13.2. Nello sviluppo di tale censura, poi, si assume che la Corte territoriale non avrebbe ‘considerato che, essendo i rapporti continuativi mai cessati a tutt’oggi un eventuale termine ai sensi dell’art. 32 poteva decorrere solo in ipotesi di cessazione d el rapporto’.
In parte qua , la doglianza è inammissibile perché non vi si denuncia un vizio di sussunzione ex art. 360, comma primo, n. 3), c.p.c. per la dedotta ‘Erronea e falsa applicazione dell’art. 32 della legge n. 183/2010’, ma si assume, senza
riferirsi al mezzo di cui all’art. 360, comma primo, n. 5), c.p.c., che la Corte distrettuale non avrebbe considerato un dato fattuale quale quello della mancata cessazione dei rapporti lavorativi relativi ai contratti di somministrazione a termine.
13.3. Per completezza, aggiunge il Collegio che i motivi dell’appello incidentale dei lavoratori non si fondavano sul suddetto assunto, ma su differenti argomentazioni, che non ponevano in discussione che ognuno dei numerosi contratti che avevano interessato i lavoratori fosse cessato alla data prevista (cfr. ancora pag. 3 dell’impugnata sentenza). E su quelle doglianze la Corte territoriale, come già considerato, si era senz’altro espressa in base ad argomenti non censurati dai ricorrenti.
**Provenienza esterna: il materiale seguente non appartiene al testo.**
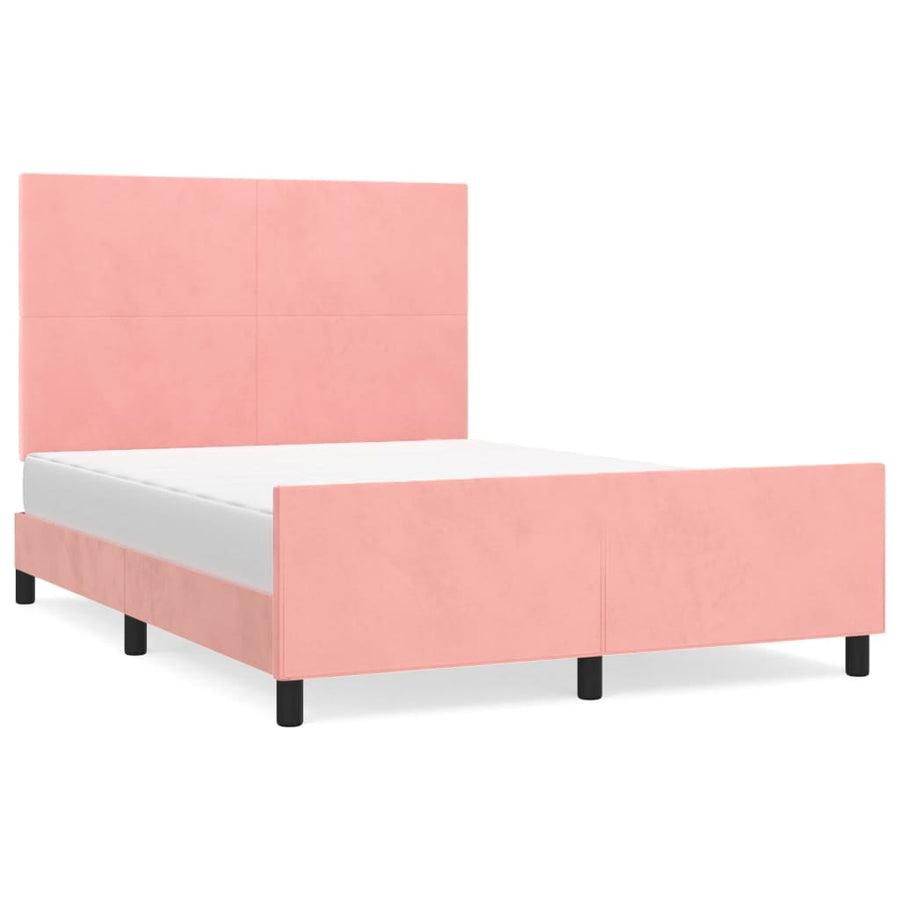 Bedframe Met Hoofdeinde Fluweel Roze 140 x 200 cm Effen ontwerp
14. I ricorrenti, pertanto, di nuovo soccombenti, devono essere condannati al pagamento, in favore del difensore della controricorrente, delle spese di questo giudizio di legittimità, liquidate come in dispositivo, e sono tenute al versamento di un ulteriore importo a titolo di contributo unificato, pari a quello previsto per il ricorso, ove dovuto.
P.Q.M.
La Corte rigetta il ricorso. Condanna i ricorrenti al pagamento, in favore della controricorrente, delle spese del giudizio di legittimità, che liquida in € 200,00 per esborsi e in € 4.500,00 per compensi professionali, oltre rimborso forfetario delle spese generali nella misura del 15%, IVA e C.P.A. come per legge.
Ai sensi del D.P.R. n. 115 del 2002, art. 13, comma 1 quater, dà atto della sussistenza dei presupposti processuali per il versamento, da parte dei ricorrenti, dell’ulteriore
importo a titolo di contributo unificato pari a quello previsto per il ricorso, a norma dello stesso art. 13, comma 1 bis, se dovuto.